In 1970, she starred in Samskara, a Kannada film directed by her husband Pattabhi Rama Reddy.
The film initially faced censorship issues before later winning the National Award.
Snehalatha and her husband were close to socialist politics and associated with leaders like George Fernandes and Ram Manohar Lohia.
On the night of June 25 1975, Indira Gandhi declared the Emergency and suspended fundamental rights across India.
On May 2 1976, police arrested Snehalatha Reddy under the Maintenance of Internal Security Act in connection with the Baroda Dynamite Case.
George Fernandes and several others were formally accused of plotting sabotage against the government during the Emergency.
But when the final chargesheet was filed, Snehalatha Reddy’s name was reportedly not included.
She remained imprisoned anyway.
She spent nearly eight months in Bengaluru Central Jail, much of it in solitary confinement.
She had suffered from chronic asthma since childhood.
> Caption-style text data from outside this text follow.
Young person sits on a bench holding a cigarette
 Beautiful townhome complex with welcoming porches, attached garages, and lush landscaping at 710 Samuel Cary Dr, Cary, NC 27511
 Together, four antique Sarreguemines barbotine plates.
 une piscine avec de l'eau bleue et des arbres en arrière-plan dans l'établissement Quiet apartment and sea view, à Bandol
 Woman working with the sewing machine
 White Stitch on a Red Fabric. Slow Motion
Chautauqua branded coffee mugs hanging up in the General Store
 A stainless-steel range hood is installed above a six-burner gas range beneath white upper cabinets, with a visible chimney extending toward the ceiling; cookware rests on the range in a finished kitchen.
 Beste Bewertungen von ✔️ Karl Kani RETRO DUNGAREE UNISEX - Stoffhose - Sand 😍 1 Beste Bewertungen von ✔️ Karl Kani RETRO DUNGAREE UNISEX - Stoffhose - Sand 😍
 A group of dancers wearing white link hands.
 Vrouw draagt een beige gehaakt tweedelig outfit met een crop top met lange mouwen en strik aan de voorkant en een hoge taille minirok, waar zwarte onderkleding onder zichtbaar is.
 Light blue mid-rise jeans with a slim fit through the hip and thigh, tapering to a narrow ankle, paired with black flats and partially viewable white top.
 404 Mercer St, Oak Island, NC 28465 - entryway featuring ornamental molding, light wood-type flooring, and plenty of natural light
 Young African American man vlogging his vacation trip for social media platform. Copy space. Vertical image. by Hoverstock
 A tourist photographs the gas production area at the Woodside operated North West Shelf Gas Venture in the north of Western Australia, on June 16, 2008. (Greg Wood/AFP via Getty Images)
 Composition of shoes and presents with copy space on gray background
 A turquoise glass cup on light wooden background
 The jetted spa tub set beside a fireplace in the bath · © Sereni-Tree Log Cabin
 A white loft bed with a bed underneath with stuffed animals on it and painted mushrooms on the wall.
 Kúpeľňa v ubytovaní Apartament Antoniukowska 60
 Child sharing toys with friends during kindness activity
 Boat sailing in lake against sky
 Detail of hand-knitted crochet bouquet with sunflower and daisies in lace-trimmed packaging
Despite her condition, she reportedly received irregular medical treatment in prison and went into asthmatic coma more than once.
During her imprisonment, she kept a diary.
In it she wrote, “What is the purpose of every human being born in this world? Is it not to lift mankind a little higher towards perfection?”
She was released on parole on January 15 1977.
Five days later, on January 20, she died after her health had severely deteriorated from chronic asthma and lung infection.
She was 44 years old.
Her prison diary was later published posthumously as A Prison Diary.
In 2019, a documentary on her life and imprisonment was also released.
She spent months in prison during the Emergency without being named in the final chargesheet of the case she had been arrested in.
Five days after her release, she was dead.